DATA RECORDS:
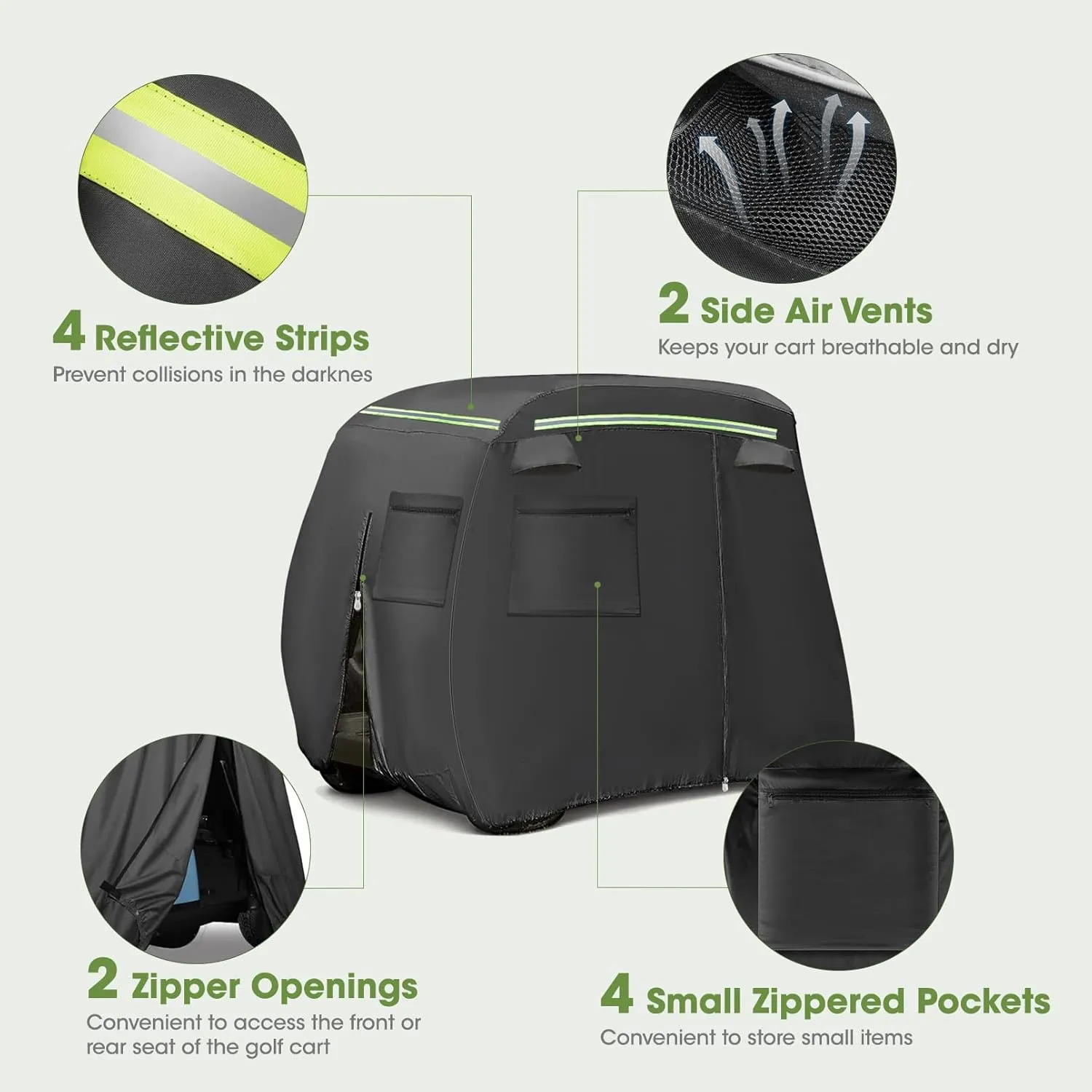 Golf Cart Cover 2/2 2/4/6 Passenger, Heavy Duty 600D Golf Cart Covers for Yamaha, EZGO, Club Car Waterproof Outdoor Seater Golf Cart Cover with Reflective Strips, Zippered Pockets, Zipper Doors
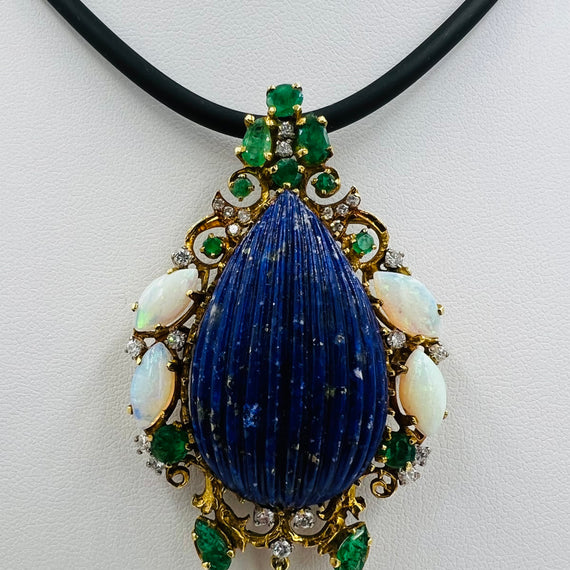 1970s Lapis Emerald Opal Diamond Yellow Gold Pendant Brooch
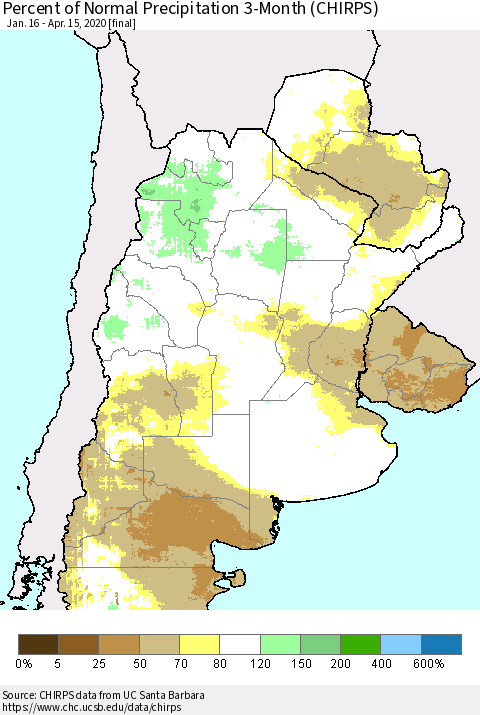 Southern South America Percent of Normal Precipitation 3-Month (CHIRPS) Thematic Map For 1/16/2020 - 4/15/2020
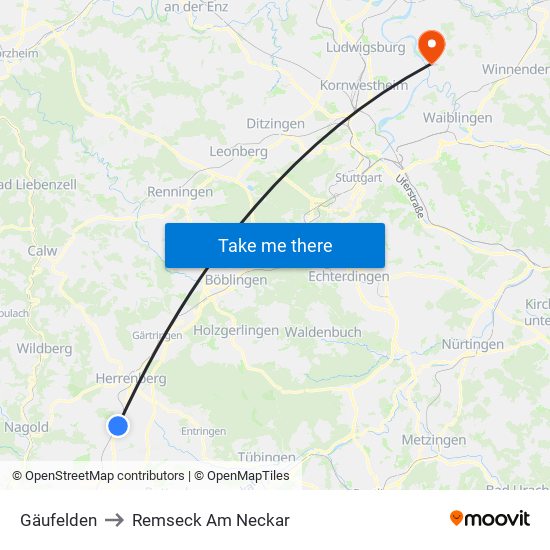 Gäufelden to Remseck Am Neckar map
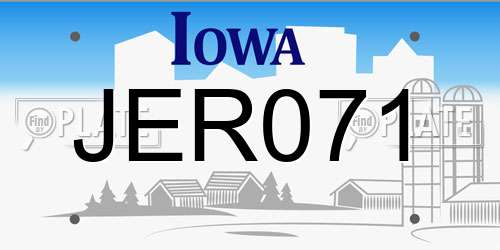 JER071 Iowa License Plate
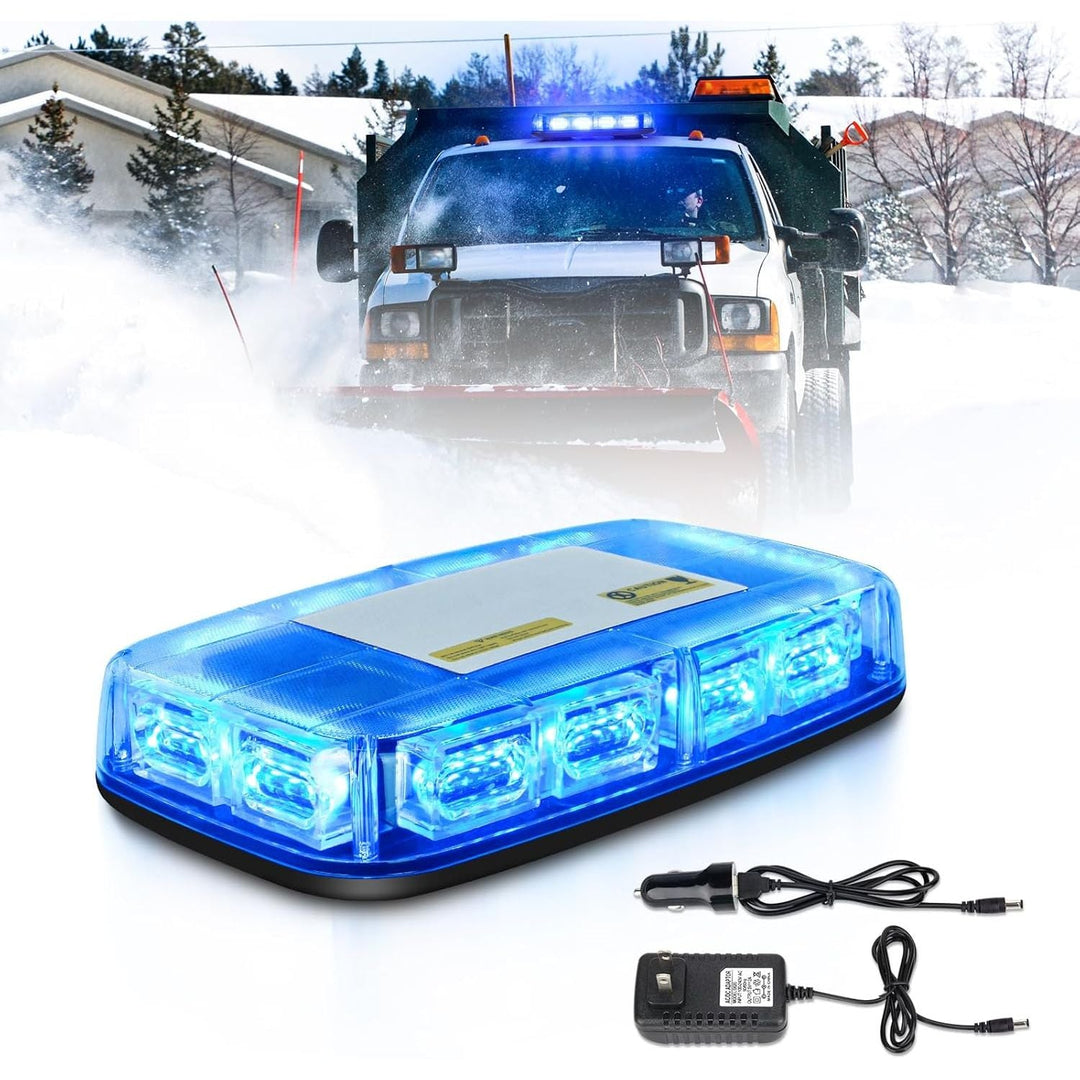 Blue Strobe Light Rechargeable Wireless Battery, 17 Flashing Mode, High Low Brightness, 48pcs Led, Beacon Roof Top Hazard Flash Warning Lights for Vehicles Trucks Snow Plows Postal Mail ATV UTV - Just Closeouts Canada Inc.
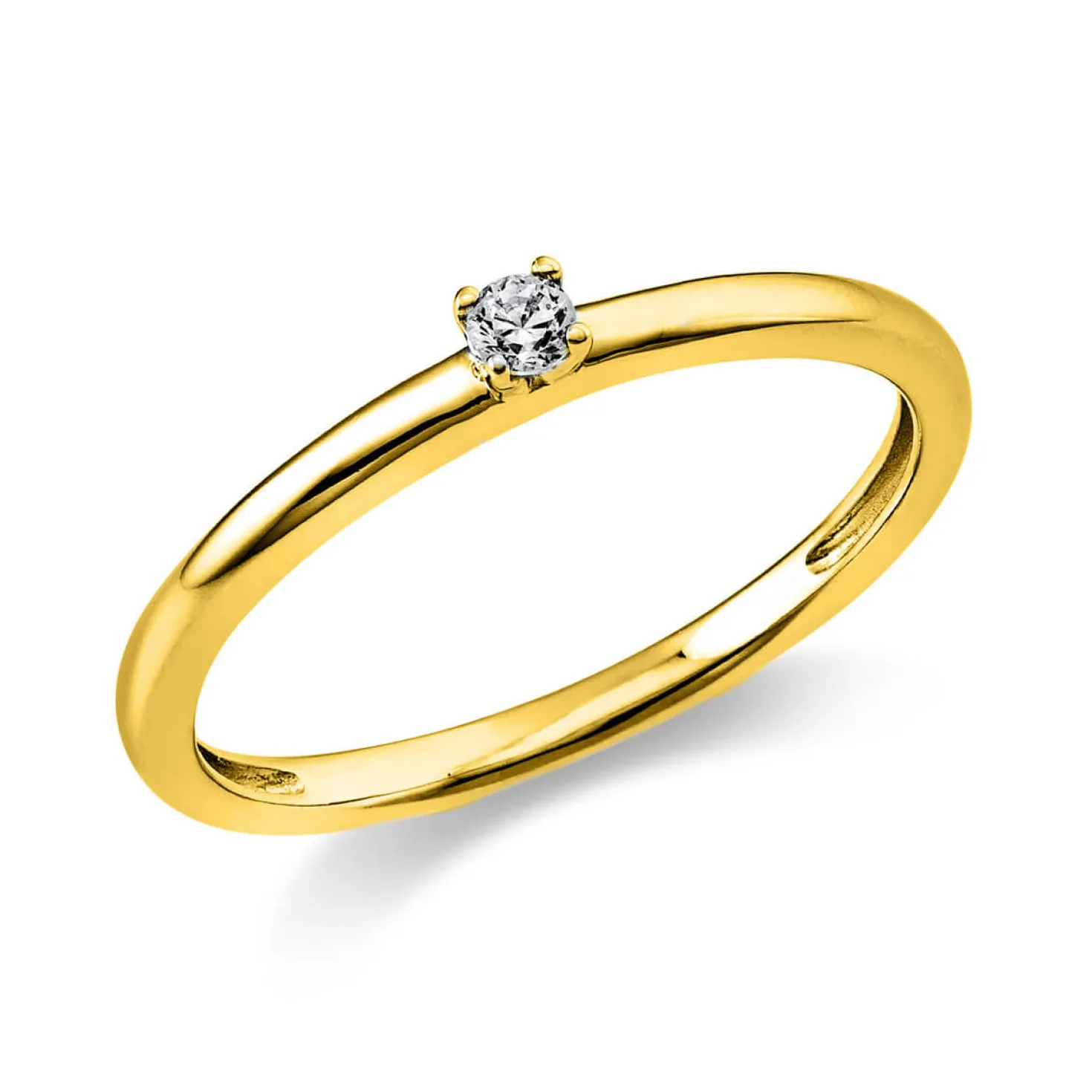 Solitär Ring Damenring 750 Gold Gelbgold mit Diamant Brillant 0,05 Ct 4er-Krappe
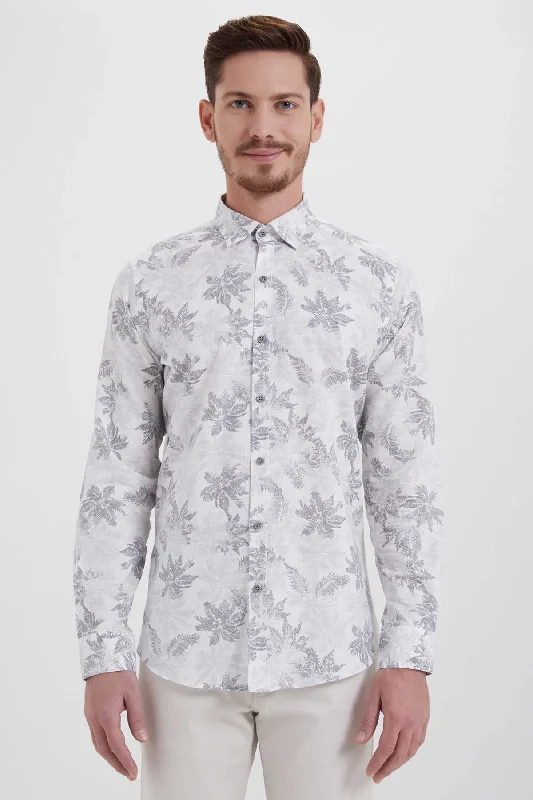 Fashionable Prints Slim Fit Cotton Gray Floral Printed Casual Shirt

PROBLEM TO SOLVE: Please write out the material from the line containing "Gäufelden to Remseck Am Neckar map" to its final line, both inclusive, exactly as it appears; pictures are not part of the copy.

ANSWER FOR THE TASK:
 Gäufelden to Remseck Am Neckar map
 JER071 Iowa License Plate
 Blue Strobe Light Rechargeable Wireless Battery, 17 Flashing Mode, High Low Brightness, 48pcs Led, Beacon Roof Top Hazard Flash Warning Lights for Vehicles Trucks Snow Plows Postal Mail ATV UTV - Just Closeouts Canada Inc.
 Solitär Ring Damenring 750 Gold Gelbgold mit Diamant Brillant 0,05 Ct 4er-Krappe
 Fashionable Prints Slim Fit Cotton Gray Floral Printed Casual Shirt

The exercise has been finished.